Historically, Nigeria’s presidency has swung between the North and the South, between Muslims and Christians, and this delicate balance was disrupted on all sides. In 2013, an alliance between the Southern Action Congress (AC), the Northern All Nigeria’s People’s Party (ANPP), and Congressive People’s Alliance (CPC) to produce the Action People’s Congress (APC) was able to remove the People’s Democratic Party (PDP) who had dominated the political scene. Another important historical note is that of the legacy of Biafra that lives on, as an Igbo man has never taken the helm of the Presidency since the Civil War. While Obi ran on the promise of a united youth vote, the lingering ethnic and religious sentiments demonstrate the need for his campaign to have created a stronger alliance with the North and the rural and urban poor.

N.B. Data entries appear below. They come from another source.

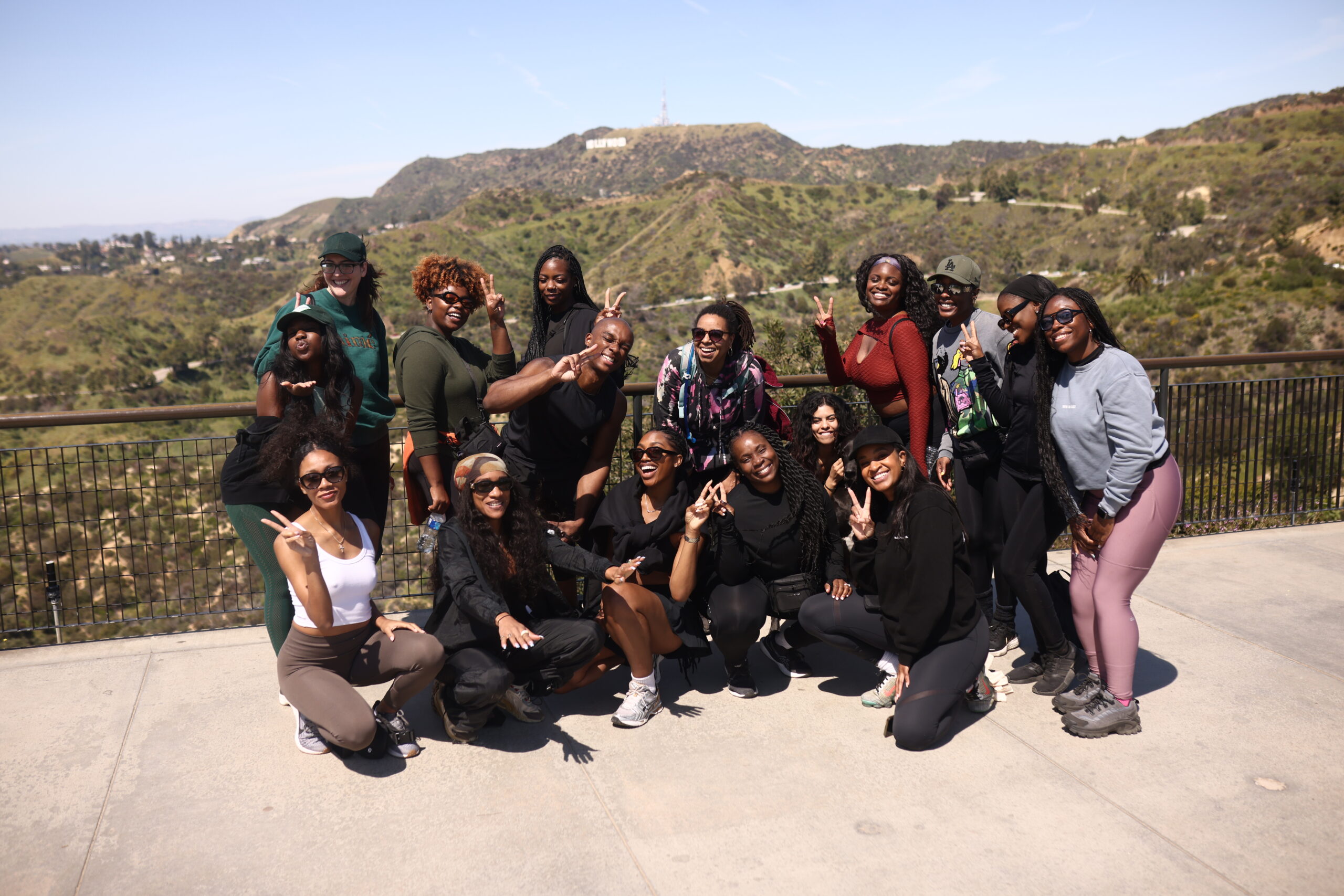 Rich Little Brokegirls Hosted The Ultimate Los Angeles Getaway With GirlsOOO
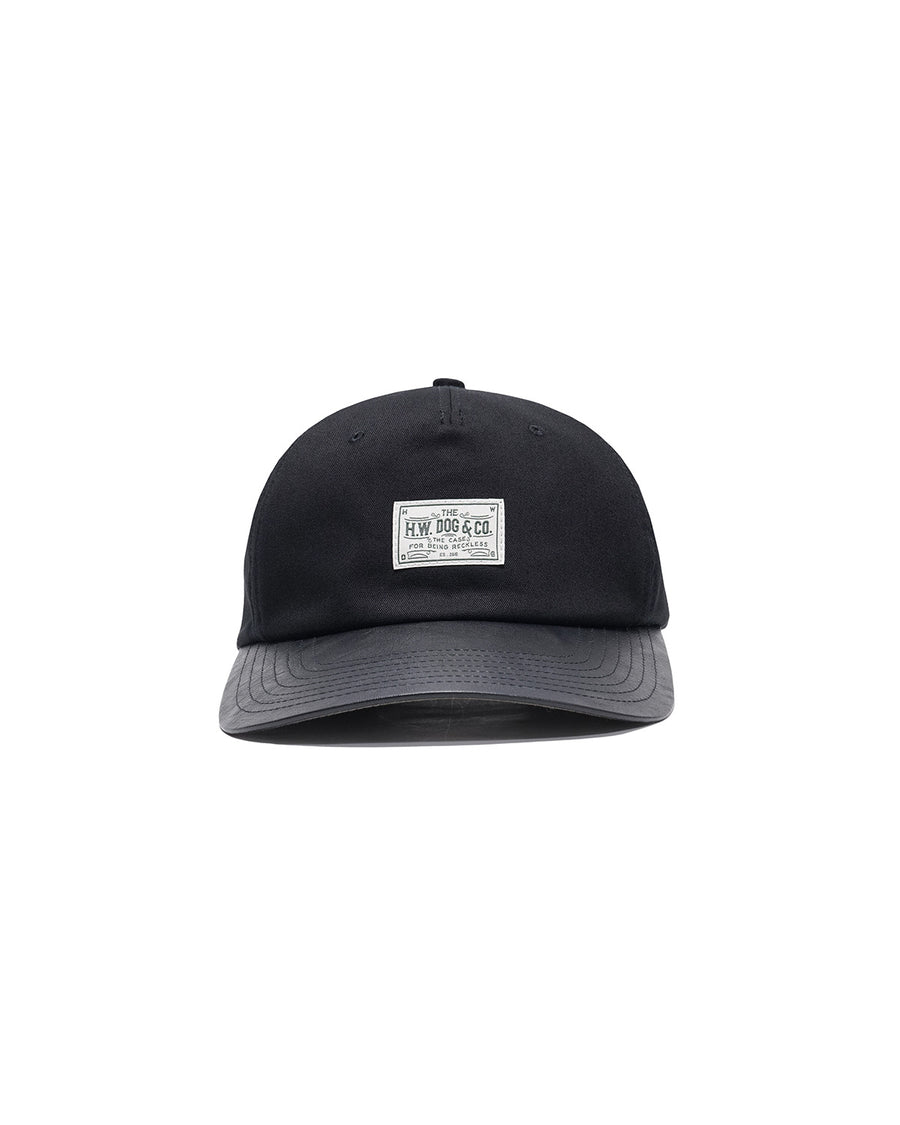 BIG BRIM M  CAP - Black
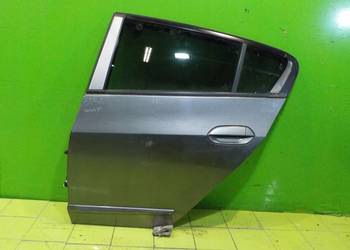 HONDA INSIGHT II 10 r5D drzwi lewe tyl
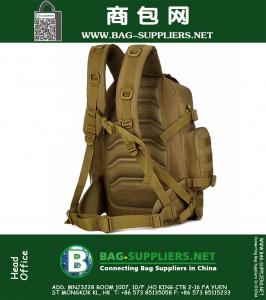 40L Heren Nieuwe Militaire Tactische Rugzak Waterdichte Camouflage Tas Wandelen Camping Rugzakken Outdoor Slijtvaste Tassen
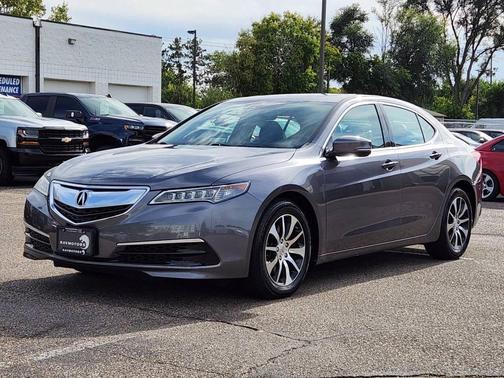 2017 Acura TLX w/Technology Package
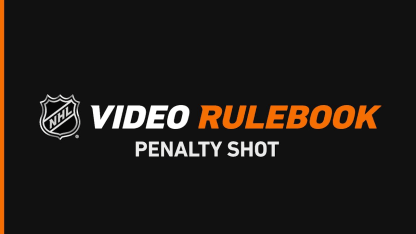 Video Rulebook - Penalty Shot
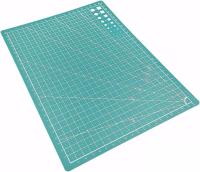 Tablero De Corte Multicolor A3/A4 Con Líneas Guía Auto-heal Para Manualidades Y Tarjetas Doble Cara Para Escritorio - details 3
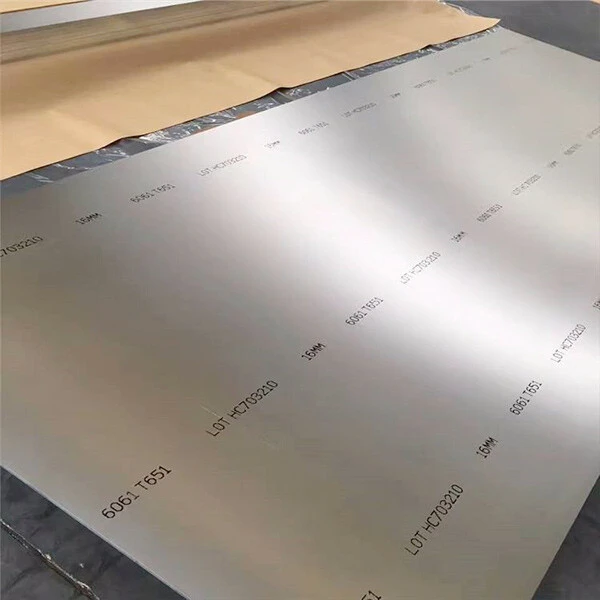 6061 Aluminum Sheet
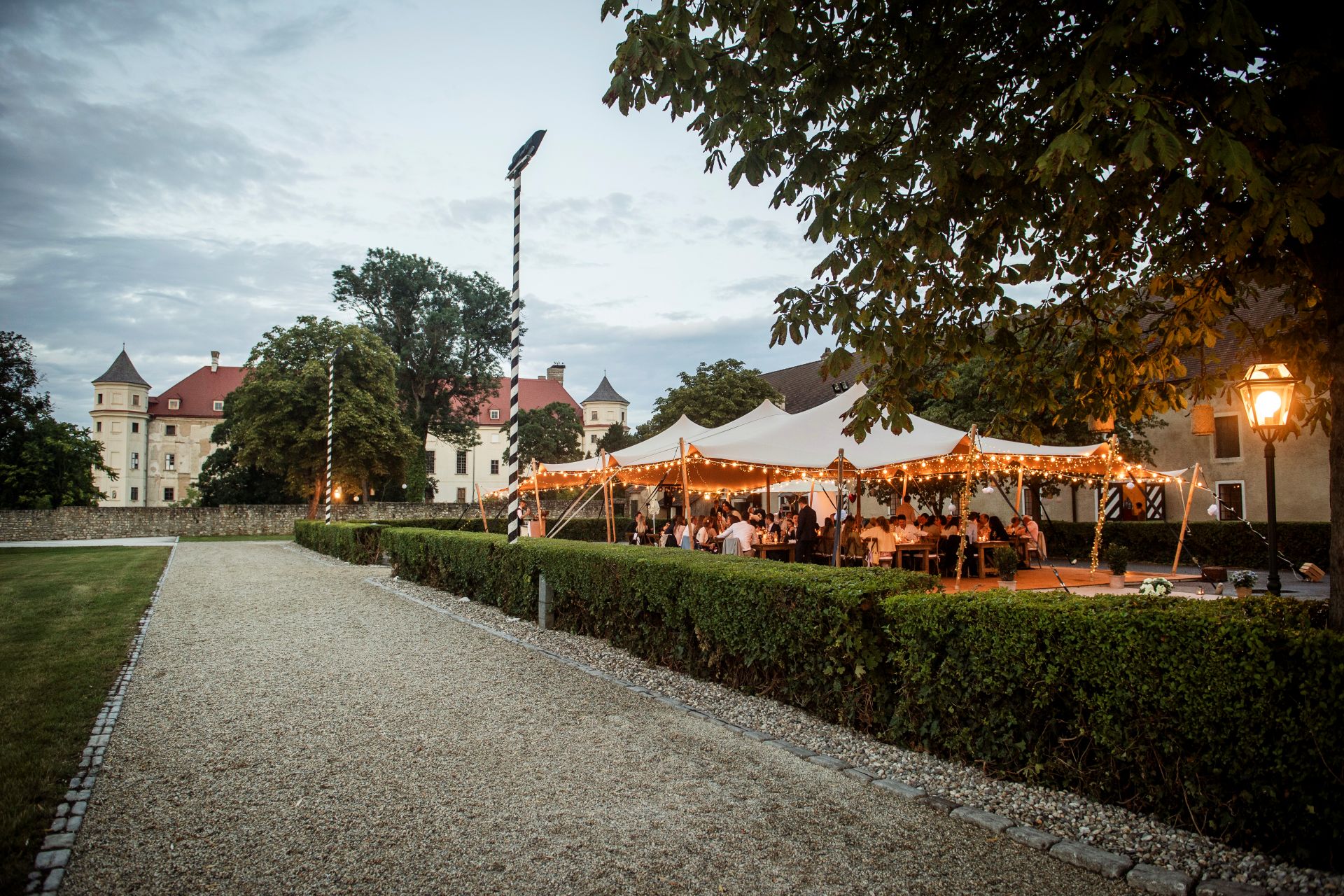 Hochzeit Gut Petronell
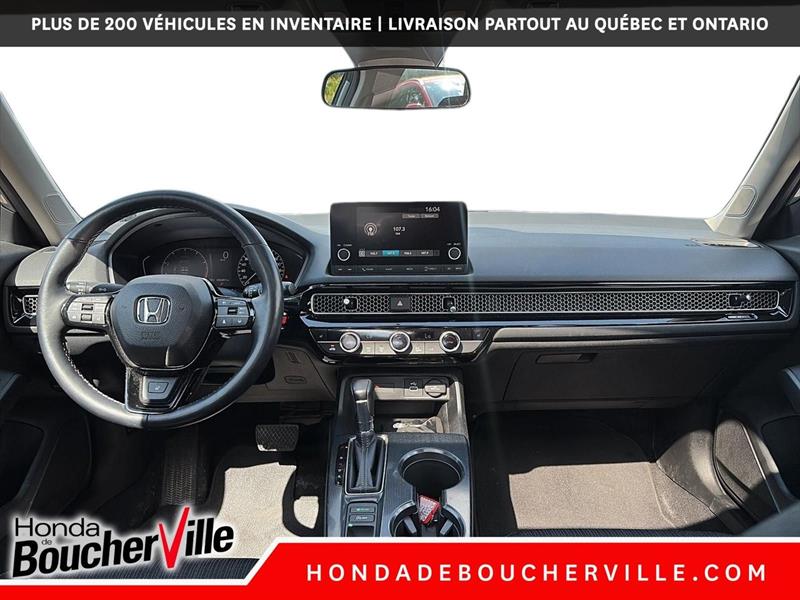 honda Civic Sedan 2023 - 19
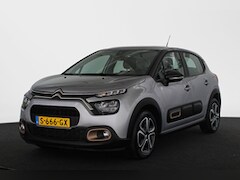 Citroën C3 - 1.2 PureTech C-Series Pr. Lease va €319, -Navi Clima Apple Carplay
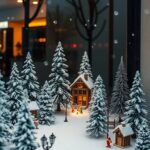29+ Creative Winter Window Decoration Ideas for a Cozy Home 20 29+ Creative Winter Window Decoration Ideas for a Cozy Home 5
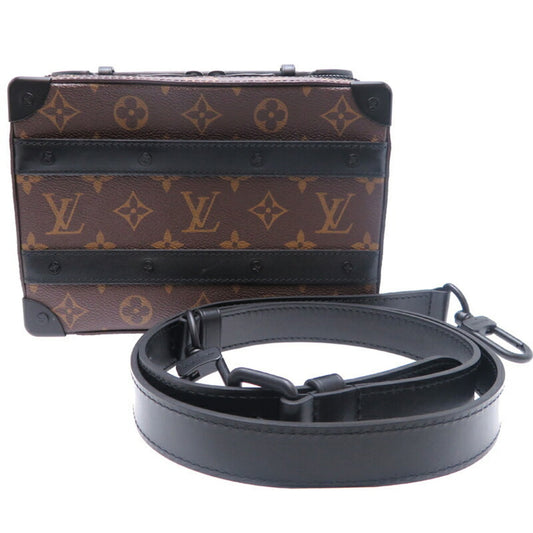 Louis Vuitton Monogram Canvas Black Shoulder Bags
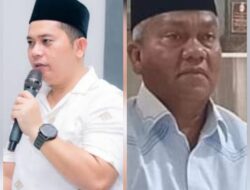 Dua pengurus DPC partai Gerindra Padang lawas akan bertarung merebut kursi bupati Padang lawas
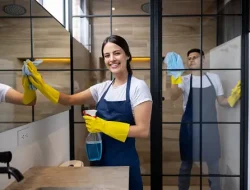 Mengatasi Cleaning Service Kantor Tidak Kembali Mudik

The failure of the youth vote is also a failure of the left

The other factor that we must examine is the failure of the left to articulate and bring into public critique the neoliberal model that all the candidates fully endorsed. Many young Nigerians believe if Nigeria works, it will work for everyone, and that “good governance” is the answer to the myriad problems the country faces. The politics of disorder and the intentionality of chaos are often overlooked in favor of the “corrupt leader” indictment. The left was divided between the Labor Party, whose presidential flag bearer ran on a neoliberal rather than pro worker or socialist platform, and the African Action Congress, who ran on a socialist manifesto, but failed to capture the imaginations of young people or win them over to socialist politics and ideology. In seeking to disrupt the two party power block, young Nigerians took less notice of the lack of difference between the three front running parties, and chose to select the lesser of three evils, based on credentials and the idea that Obi was “the best man for the job.” In fact, the Nigerian youth on the campaign trail emphasized experience in government as a criteria for a good candidate, over and above fresh ideas.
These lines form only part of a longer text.